Sr. Hadoop Administrator Resume
Cupertino, CA
SUMMARY:
- 10 years of experience in IT specializing in Hadoop Administration, AWS infrastructure setup, DevOps and Software testing.
- Hands on experiences with Hadoop stack. (HDFS, Map Reduce, YARN, Sqoop, Flume, Hive - Beeline, Impala, Tez, Pig, Zookeeper, Oozie, Solr, Sentry, Kerberos, Centrify DC, Falcon, Hue, Kafka, Storm).
- Worked with application teams to install operating system, Hadoop updates, patches, version upgrades as required.
- Good understanding in Deployment of Hadoop Clusters using Automated Puppet scripts.
- Strong experience in System Administration, Installation, Upgrading, Patches, Migration, Configuration.
- Troubleshooting, Security, Backup, Disaster Recovery, Performance Monitoring on Linux systems.
- Experience in installing, configuring and optimizing Cloudera Hadoop version CDH3, CDH 4.X and CDH 5.X in a Multi Clustered environment.

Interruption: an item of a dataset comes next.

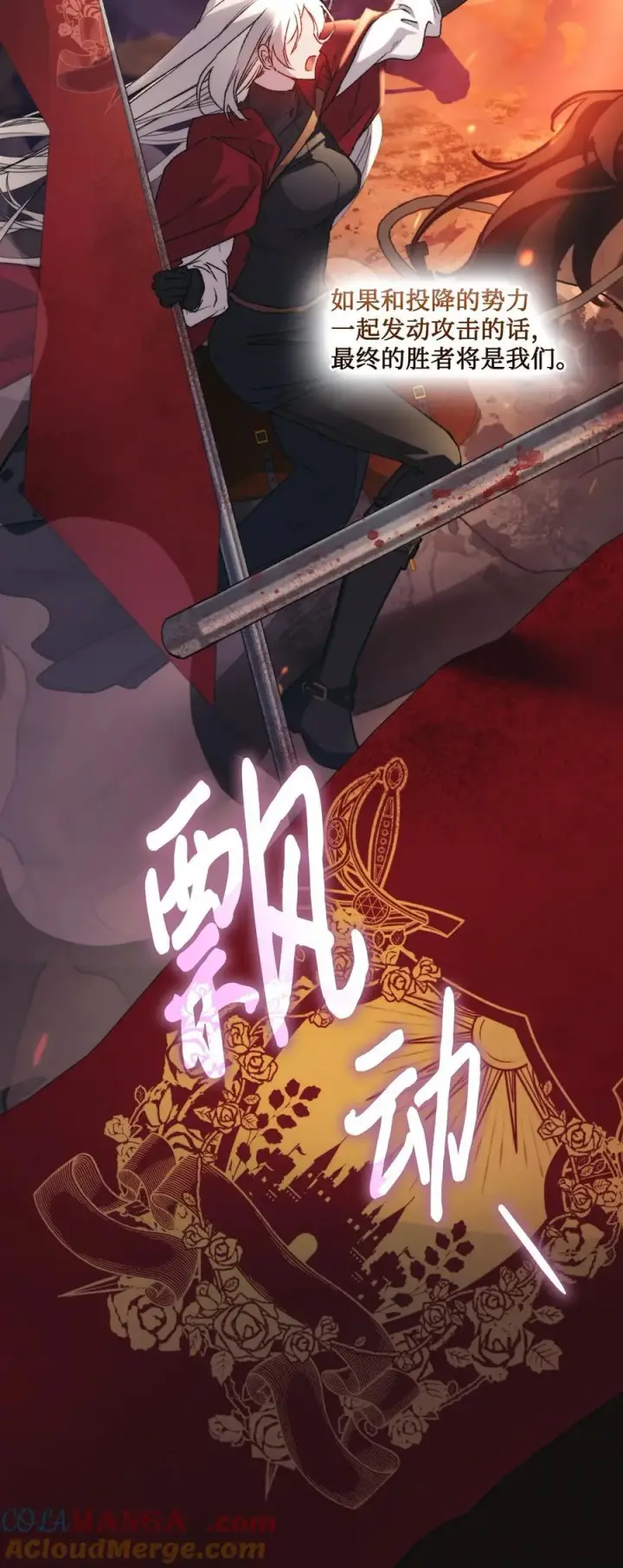 漫画《陛下，这一生我会好好培养你！》98 是我太小看你了，师父第13张图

- Provide granular ACLs for local file datasets as well as HDFS URIs. Role level ACL Maintenance.
- Cluster monitoring and troubleshooting using tools such as Cloudera, Ganglia, NagiOS, and Ambari metrics.
- Experience with Cloudera Hadoop Clusters with CDH 5.6.0 with CM 5.7.0.

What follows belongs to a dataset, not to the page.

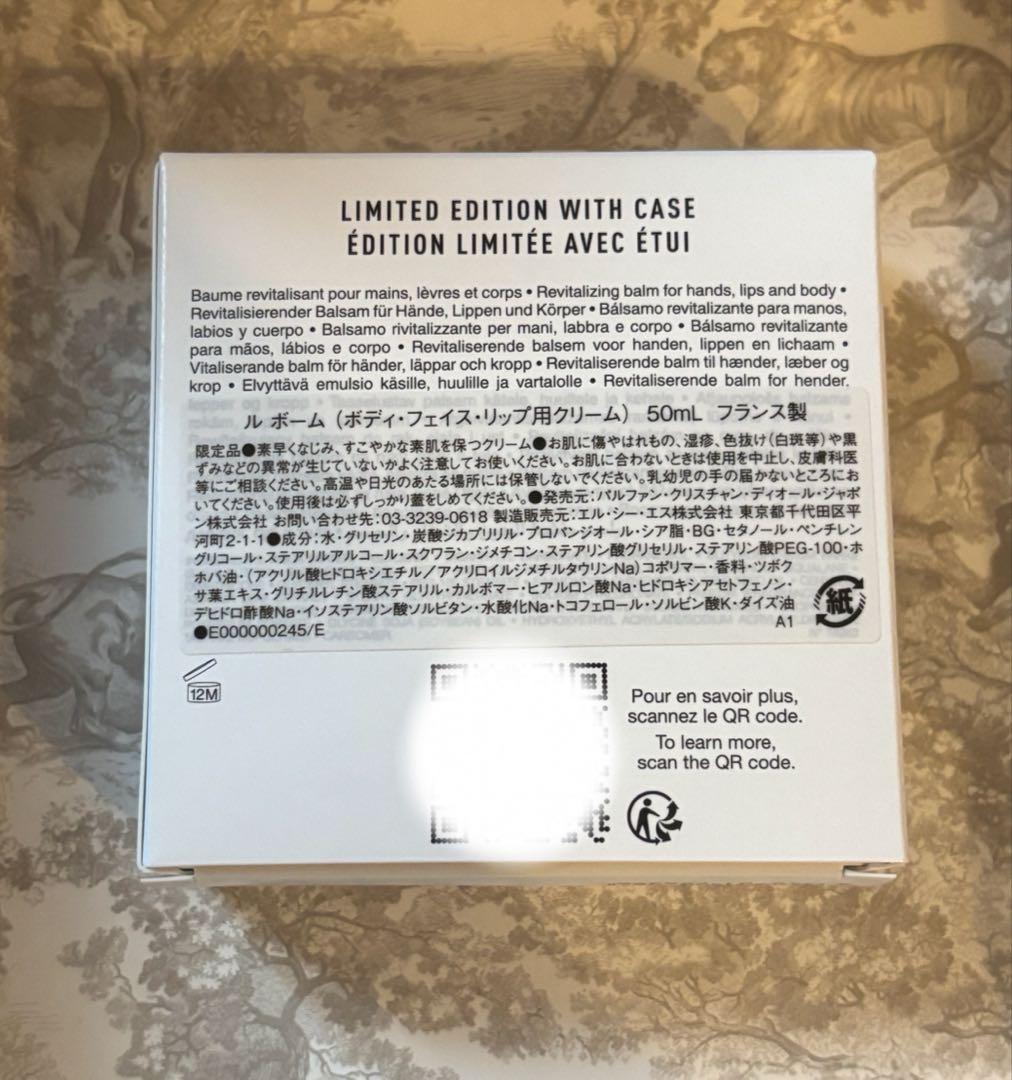 DIOR LE BAUME ハンドクリーム ピンク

- Installed, Configured and Maintained Apache Hadoop clusters for application development and Hadoop tools like Hive, Pig, HBase, Zookeeper and Sqoop.
- Implemented Security TLS 3 over on all CDH services along with Cloudera Manager.
- Configure UDP, TLS, SSL, HTTPD, HTTPS, FTP, SFTP, SMTP, SSH, Kickstart, Chef, Puppet and PDSH.
- Overall Strong experience in system Administration, Installation, Upgrading, Patches, Migration, Configuration, Troubleshooting, Security, Backup, Disaster Recovery, Performance monitoring and Fine-tuning on Linux (RHEL) systems.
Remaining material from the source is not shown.